すでに一昨日の事件については、共同親権の是非をめぐって、「子どもに会えない側の親が苦痛を味わうのが理不尽なので、共同親権を認めるべき(推進派)」「暴力的な親に親権を認める危険は大きく、単独親権が望ましい(反対派)」など、ネットでもさまざまな見解が飛び交っている。
日本将棋連盟は何のコメントも出していないし、出す必要もない。そもそも「将棋をめぐる事件」では全くない。
メディアが容疑者の属性として「元棋士」を強調することは、この問題の本質をきちんと報じないのに等しい。前述したネット上の意見は、これまで親権問題に取り組んでいた人たちを中心に、関心のある人たちに限られている感がある。いま、離婚や再婚、ステップファミリー、同性婚など、家族のありかたはどんどん多様化している。その中では、一人ひとりの子どもにとってどうすることが最善なのか? 筆者のような子育て経験のない人も含め、多くの市民が議論に加わるのが、日本社会の行く末のために望ましいはずだ。それこそ多様な意見を調整する役割を持つ「こども家庭庁」の出番でもある。

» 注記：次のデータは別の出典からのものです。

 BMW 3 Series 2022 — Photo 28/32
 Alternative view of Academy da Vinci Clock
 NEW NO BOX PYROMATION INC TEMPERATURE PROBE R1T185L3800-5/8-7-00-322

表題を「元棋士が...」とすれば、ミスリードになる危険性が大きい。才能あふれた高段者だったはずの元棋士の変転を嘆く人たちの気持ちは理解できるが、多くの視聴者・読者の関心が「将棋界」へ向いてしまうと、本質とは関係ない部分が大きな比重を占めてしまう。議論喚起のためにはマイナスでしかない。
ここにもメディアの劣化が窺えるのは、残念なことだと言えよう。